With such a prolific and varied writing background, Ian Kennedy Smith, not surprisingly, steers clear of early-writing foibles. Over the past twenty-four years he has written poems, short stories, novels, scripts for radio and television, screenplays, stage and video, in addition to a web-published novella.

Regret moves between the present of a police investigation into the killing of local Aboriginal ‘Gonzo’ Lever, set in the declining town of Cedar, and the recent past of the shooting trip to nearby Regret Falls, where he was killed. The official progress into uncovering what happened is interspersed with chronological segments of the disastrous pig-hunting expedition to the Falls. Themes of the oppression of personal history, being trapped where one does not belong, racism — both explicit and inverse — and sexual jealousy are all developed in the book. This narrative structuring exacerbates the suspense, with the two narratives ultimately coalescing at the end of the book with the full revelation, rather than solution, of the crime. The sense of rough justice meted out on the basis of a false premise that underlies the killing extends to the final resolution.

It’s hard to imagine a novel concerned with the psychological forces provoking a crime that is not preoccupied, at least in passing, with questions of identity. Such questions can be as forceful for those who would or could not articulate them as for those who are intrigued by them to the point of tedium. In exploring notions of identity, Kennedy Smith is adept at exhibiting the limited nature of his characters without resorting to the laziness of patronising them. Nadine, the Cedar-born-and-bred girlfriend of Matthew Wesker who has left Sydney to teach in Cedar, becomes intrigued with Gonzo, who has a black father and white mother. She gives Gonzo the benefit of her views of black-white relations and personal identity:

‘What I’m saying is, strip away all the complication shit, you’ve still got to know who you are. You can’t be a bit of this and a bit of that. Okay, so you’re made up of bits of this and bits of that, but at the bottom of the bucket, mate, is the bit that counts. The bit you started from. Or the bit you recognise as basically who you are. D’you see what I’m saying?’

‘Yeah,’ Gonzo said, ‘and it’s crap.’

He goes on to explain that he desires multiple identities – ‘black days, white days’ – but that he is constrained by those who see him as black first and white second. What counts is not how he sees himself, but how those who call the shots see him: the premise that regards him as able blithely to choose his identity is false.

More than identity, though, Regret is a study of isolation.

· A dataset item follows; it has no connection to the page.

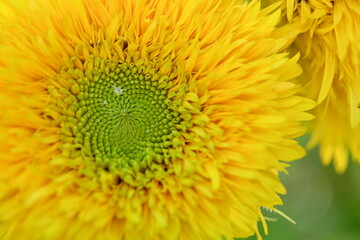 Yellow sunflower flower close-up, macro sunflower flower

The mistress of the dark psychological causes of crime, Ruth Rendell, made a highly plausible case years ago for the psychological and social containment of illiteracy leading an apparently non-violent person to commit serial murders. There is something of that in Regret. Insularity and inarticulacy, and the subsequent failure to communicate, lead to slights, real and imagined, and revenges that snowball into self-destruction. The characters, for the most part strongly and convincingly conveyed, are sequestered in their own space. However, some of the portraits are a little overdrawn. The interminable vacillations of Matthew, the central character, between the sanctimonious, theoretical liberalism of his senior bureaucrat father and a desire to think for himself, become grating towards the end. His self-loathing becomes tedious because, like the other characters, he gives little promise of progression.

Regret is a substantial novel by an accomplished author. It has fewer flaws but less charisma than A Child’s Book of True Crime. The greater anticipation must be reserved for Chloe Hooper’s second novel.